Performance of GPU port
Limits on NCORE flag and, and intel MKL smp parralelization
- NCORE = 1 (default) offers linear scaling up to ~100 MPI threads, on intel Xeon cpu's connected with infiniband. SGI MPT optimimizations offers a little more. - Generally I suggest the following: NCORE = "cpu cores with shared L3, cache and memory controller" This setting will limit one band calculation into single cpu die. If you set NCORE more than the cpu cores, that will lead insufficient communication bandwidth between cpu sockets, and even worse between nodes. On intel CPU's I suggest NCORE = "number of cores", for highest performance and minimal memory footprint. But you should stop at NCORE values 4-8, on very recent CPU's with very high core counts (24-core Broadwell-E series)
If you run out of memory: intel MKL smp parallelization
- You can use intel MKL's built-in shared memory parallelization. This is done not in the vasp binary, it is embedded inside intel MKL runtime. You just have to add the following lines into your jobfile, and divide the number MPI threads (and NCORE) with that value.

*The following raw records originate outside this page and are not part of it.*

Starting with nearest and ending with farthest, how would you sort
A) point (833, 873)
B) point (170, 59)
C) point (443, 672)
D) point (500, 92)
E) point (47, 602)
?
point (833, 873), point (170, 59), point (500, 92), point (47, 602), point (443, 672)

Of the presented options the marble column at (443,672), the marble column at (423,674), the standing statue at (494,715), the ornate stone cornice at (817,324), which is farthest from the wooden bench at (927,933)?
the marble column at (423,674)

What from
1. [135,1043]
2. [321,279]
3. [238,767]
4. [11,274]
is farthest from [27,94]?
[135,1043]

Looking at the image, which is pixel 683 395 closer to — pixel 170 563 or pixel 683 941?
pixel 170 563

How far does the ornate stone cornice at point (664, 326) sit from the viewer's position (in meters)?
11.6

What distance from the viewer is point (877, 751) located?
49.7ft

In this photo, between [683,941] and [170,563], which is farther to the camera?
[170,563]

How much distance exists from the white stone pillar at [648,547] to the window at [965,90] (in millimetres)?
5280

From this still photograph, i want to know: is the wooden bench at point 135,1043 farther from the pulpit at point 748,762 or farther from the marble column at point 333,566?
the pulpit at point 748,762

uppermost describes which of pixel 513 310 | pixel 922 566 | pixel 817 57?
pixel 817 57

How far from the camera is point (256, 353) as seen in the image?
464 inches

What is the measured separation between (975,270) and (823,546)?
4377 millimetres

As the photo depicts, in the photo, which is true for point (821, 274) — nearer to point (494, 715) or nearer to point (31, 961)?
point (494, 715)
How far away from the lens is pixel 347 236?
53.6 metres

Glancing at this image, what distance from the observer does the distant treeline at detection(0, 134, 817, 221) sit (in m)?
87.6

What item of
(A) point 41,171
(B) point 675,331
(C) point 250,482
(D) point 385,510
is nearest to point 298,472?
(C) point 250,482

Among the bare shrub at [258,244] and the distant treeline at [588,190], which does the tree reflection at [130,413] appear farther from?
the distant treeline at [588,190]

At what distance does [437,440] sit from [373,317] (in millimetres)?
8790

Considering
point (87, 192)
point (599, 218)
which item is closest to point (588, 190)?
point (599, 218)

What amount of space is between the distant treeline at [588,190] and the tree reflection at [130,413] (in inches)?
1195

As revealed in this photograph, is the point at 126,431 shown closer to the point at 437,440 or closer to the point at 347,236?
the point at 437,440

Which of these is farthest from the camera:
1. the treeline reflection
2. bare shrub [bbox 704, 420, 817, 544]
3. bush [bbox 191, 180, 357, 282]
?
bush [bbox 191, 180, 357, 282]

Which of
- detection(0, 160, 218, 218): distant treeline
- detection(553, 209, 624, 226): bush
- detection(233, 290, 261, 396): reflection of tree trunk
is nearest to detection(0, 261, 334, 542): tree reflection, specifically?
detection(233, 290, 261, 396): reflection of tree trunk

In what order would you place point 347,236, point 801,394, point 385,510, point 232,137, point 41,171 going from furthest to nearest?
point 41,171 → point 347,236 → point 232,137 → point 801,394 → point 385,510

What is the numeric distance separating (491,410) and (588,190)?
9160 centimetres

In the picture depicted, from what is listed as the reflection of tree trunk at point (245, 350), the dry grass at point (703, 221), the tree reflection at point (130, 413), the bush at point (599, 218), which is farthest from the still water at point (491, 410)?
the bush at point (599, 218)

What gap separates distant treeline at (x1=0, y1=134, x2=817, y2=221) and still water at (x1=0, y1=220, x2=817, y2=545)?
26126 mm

export OMP_NUM_THREADS=2 export MKL_DYNAMIC=FALSE export MKL_NUM_THREADS=2
This will yield almost linear scaling up to 2 threads (~1.7) per MPI thread with DFT (such as PBE) functionals, but offers no scaling over 4 (~2.5). This method will greatly reduce the memory footprint! Hybrid functionals howver offers smaller scaling. For example expect ~1.4 speedup with 2 threads with HSE functional. - For comparison, there is a 216 carbon atom supercell calculation with GGA functional, on 2 nodes with AMD cores, 48 cores total:
MKL_NUM_THREADS = | 1 | 2 | 3 | 6 |
---|---|---|---|---|
SCF iteration time (s) IALGO = 38 | 0.5285 | 0.58 | 0.6956 | 1.1354 |
performance per core: IALGO = 38 | 1.00 | 0.91 | 0.76 | 0.47 |
SCF iteration time (s) IALGO = 48 | 0.1835 | 0.2236 | 0.2796 | 0.4748 |
performance per core: IALGO = 48 | 1.00 | 0.82 | 0.66 | 0.39 |
NCORE | 6 | 3 | 2 | 1 |
MPI threads per node | 24 | 12 | 8 | 4 |
Total cores used per node | 24 | 24 | 24 | 24 |
nodes used | 2 | 2 | 2 | 2 |
Total cores used | 48 | 48 | 48 | 48 |
- This scaling is the same for intel cpu's too. - The scaling is worse with RMDIIS: (IALGO = 48), than blocked davidson (IALGO = 38)
Hybrid OpenMP + MPI scalability on Komondor (64-core AMD gen 4 EPYC processors)
You can use the following jobfile
/project/c_dqubits/share/vasp_example/5.4.1_mpich/mkl4_thread
It is set up an exemplary 1728-atom diamond system with a N3V defect inside
The trick is to use the following:
#SBATCH --nodes=2 #SBATCH --ntasks-per-node=32 #(was 128 because 1 node contains 128 cpu cores) #SBATCH --cpus-per-task=4 #(was not used)
do NOT set NCORE, or remain NCORE=1 as is. NCORE=2,4 here degrades the performance
This will start 2*32=64 VASP (MPI) processes across two nodes. Thus VASP StdOut will start something like this:
running on 64 total cores distrk: each k-point on 64 cores, 1 groups distr: one band on 1 cores, 64 groups
Additionally, each VASP (MPI) process can use 4 CPU cores for each. You can see this in the StdOut file: 1 MPI thread hold 4 intel MKL OpenMP threads This low level paralellism is done via the intel math kernel (MKL) library: by setting since cpus-per-task=4 is being used:
export OMP_NUM_THREADS=$SLURM_CPUS_PER_TASK export MKL_DYNAMIC=FALSE export MKL_NUM_THREADS=$SLURM_CPUS_PER_TASK
Because we not use fewer process count per node, the memory footprint will be lot lower.
For this specific case, the old NCORE=16, and --ntasks-per-node=32 solution
used: 1.5 GB memory per MPI process, thus nearing the 192/240 GB limit.
This new solution use approx 1.7 GB per MPI process and uses only 54.4/240 GB per node memory
Please make your own tests, you may go
(to use even less memory, or better multinode scalability)
#SBATCH --ntasks-per-node=16 #SBATCH --cpus-per-task=8
or (1-node calculations may work even faster with this ~5%, but beyond 2,4 nodes it is slower)
#SBATCH --ntasks-per-node=64 #SBATCH --cpus-per-task=2
just make sure the multiplication of the two numbers make 128 cores, the core count of a node.